Recuerdo una ves en mi automóvil, el semáforo en rojo me hace detenerme justo al inicio de la calle. Una intersección con una gran avenida de mi ciudad, bastante transitada a cualquier hora, incluso de noche. Eran cerca de las 3 de la tarde. Trabajaba en la casa de un conocido de la familia, en una de esas chambitas o talachas que te caen mientras estás en la universidad y te ayuda a soportar tus estudios (entiéndase comprar cerveza). Me dirigía al centro de la ciudad a comprar material que necesitaba. Noté que tras de mi se situaron 2 carros mas esperando el cambio de color en el semáforo. Cuando estoy detenido en medio de una calle, generalmente miro por el retrovisor para ver a que velocidad viene el automóvil que se detendrá detrás de mi. En mas de una ocasión me he escuchado decirle "Ya detente" cuando veo que se acerca demasiado o a mayor velocidad que la requerida, desde mi punto de vista. Supongo que esta costumbre se me quedó desde aquel accidente hace algunos años donde una camioneta Lobo color negro me destrozó la cajuela del Tsuru de mi padre, dejándonos a mi novia ay a mi con esguinces de primero y segundo grado respectivamente. Era como si al mirar por el retrovisor de algún modo pudiera prevenir que aquel acontecimiento se repitiese.
Esguince Cervical
Con la radio encendida a un volumen de regular a alto y las ventanillas abajo para compensar la ausencia de aire acondicionado, me encontraba esperando el cambio de luces.
Cuando noté que la luz verde que daba el paso al carril perpendicular a mi vehiculo comenzó a parpadear, metí la primer velocidad al tsuru sin quitar el pie izquierdo del Clutch. Finalmente la luz cambió a verde, pero no me moví. Ignoro la razón. No era una falla mecánica, ni alguna imposibilidad de mi cuerpo o mente. Simplemente no aceleré.
Un segundo después, una automovilista joven hablando por celular, salida de quien sabe donde atravesaba la calle a mas de 60 Km/h justo frente a mi, ignorando la luz roja que ya había hecho que dos carros se detuvieran en el carril contiguo al que ella viajaba.
Si yo hubiese arrancado con el mandato de la luz verde, el impacto con la conductora despistada habría sido inminente.
La vi de reojo cuando se acercaba a la esquina. Yo sabía que se iba a pasar la luz roja. Pero no sabía por que lo sabía, o como fue que lo supe. Tuve que detenerme un poco mas adelante, después de atravesar la intersección, para pensar un poco en lo que acababa de pasar.
Me di cuenta tras un poco de reflexión que esta era una de esas señales, no de las que te dicen que hacer, o de las que pones atención y detectas fácilmente.
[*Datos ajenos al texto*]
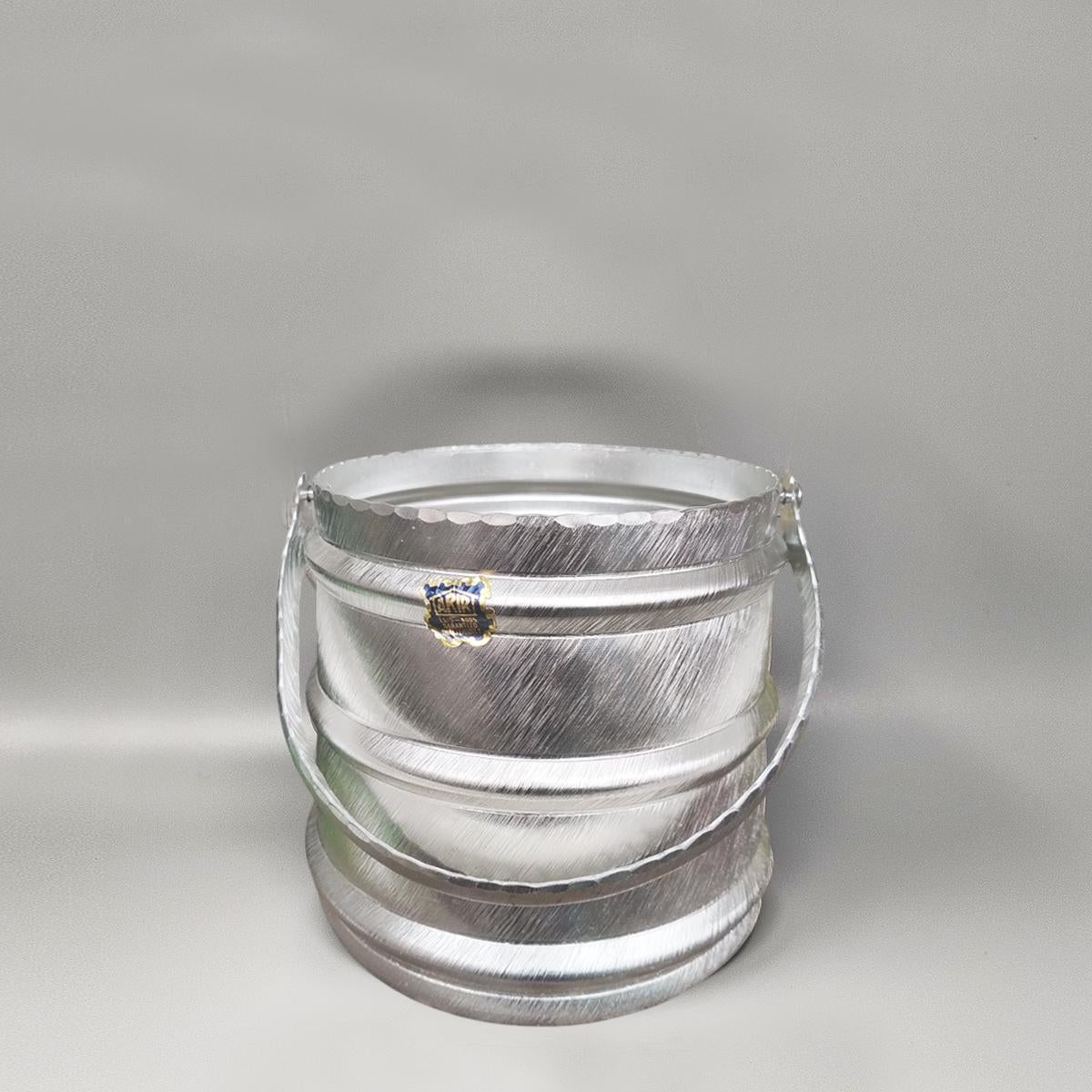 Italian 1960s Elegant Champagne Ice Bucket by Arir in Aluminium. Made in Italy For Sale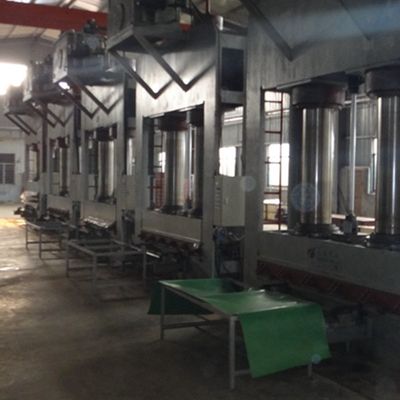Hoogwaardige houten fineer Europese walnoot gefigureerd WTF-X8533 Hoogwaardige decoratieplaten China Makes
No. Esta fue simplemente una señal que me ratificó una ves mas que Dios Existe. Y que soy Especial.
Como esas anécdotas tengo varias, como cuando se que mi nombre va a ser el siguiente que se mencione en la rifa. O cuando se que el balón terminará inequívocamente dentro de la portería, incluso antes de que el delantero haga contacto con él. Señales. Aunque algunos piensen que son casualidades, o que si digo mi nombre cada ves que rifan algo, obviamente una de esas le voy a atinar. Yo Creo, y es suficiente.